Cet article dit que lorsqu'un contrat de mariage ou un pacte entre associés prévoit des parts inégales ou une clause donnant tout à une personne (clause d'attribution intégrale), ces dispositions ne sont pas considérées comme des donations : ce sont des conventions entre les parties, pas des dons. Mais, sauf si le contrat l'interdit expressément, elles n'empêchent pas les héritiers de la personne décédée avant le partage de reprendre ce que cette personne avait apporté ou mis dans la communauté (la « reprise » des apports et capitaux). En clair : ces clauses modifient la répartition entre époux/associés, mais ne suppriment pas, par défaut, les droits des héritiers du conjoint prédécédé à récupérer les sommes ou biens qu'il avait apportés à la communauté.

Exemple Concret

Paul et Marie ont signé un contrat de mariage qui attribue la quasi-totalité des biens communs à Marie si Paul décède (clause d'attribution intégrale).
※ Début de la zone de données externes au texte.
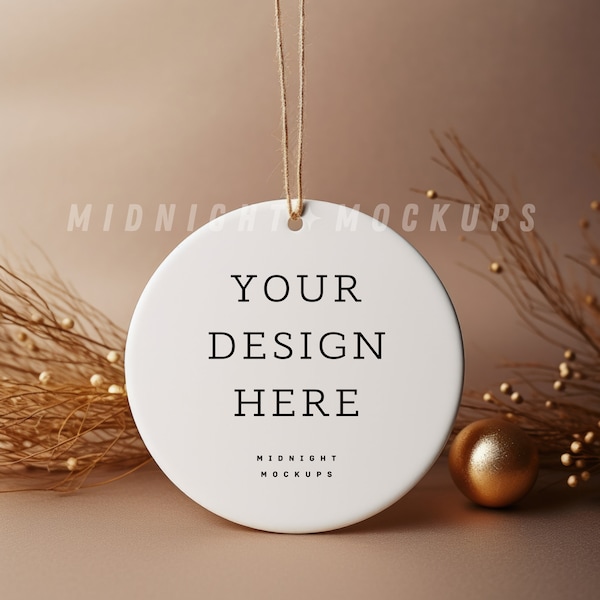 PSD & JPG White Ceramic Christmas Ornament Mockup - Moody Boho Neutral Minimalist Holiday Smart Object Mock Up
Avant son décès, Paul avait acheté un appartement avec son argent personnel et l'avait mis dans la communauté. Après le décès de Paul, ses enfants veulent récupérer la valeur de l'apport que leur père avait fait. Selon l'article 1525, la clause donnant tout à Marie n'est pas une donation et, sauf clause contraire dans le contrat, n'empêche pas les enfants de Paul de demander la reprise de l'apport et du capital que leur père avait versés dans la communauté.

Points Clés à Retenir
  • Les stipulations de parts inégales et la clause d'attribution intégrale sont des conventions (contrat de mariage ou entre associés), pas des donations (ni sur le fond, ni sur la forme).
  • Par défaut, ces clauses ne privent pas les héritiers du conjoint prédécédé du droit de reprendre les apports et les capitaux que leur auteur avait mis dans la communauté (droit de reprise).
  • Les parties peuvent toutefois prévoir autrement : une stipulation contraire dans le contrat peut empêcher la reprise par les héritiers.
  • La règle protège le droit patrimonial des héritiers à récupérer ce qui revient à la succession, malgré des arrangements entre époux ou associés.
  • Application pratique : en cas de doute, il faut vérifier le contrat (clause explicite d'exclusion de reprise) et, si nécessaire, faire un compte d'apport/communauté pour quantifier la reprise.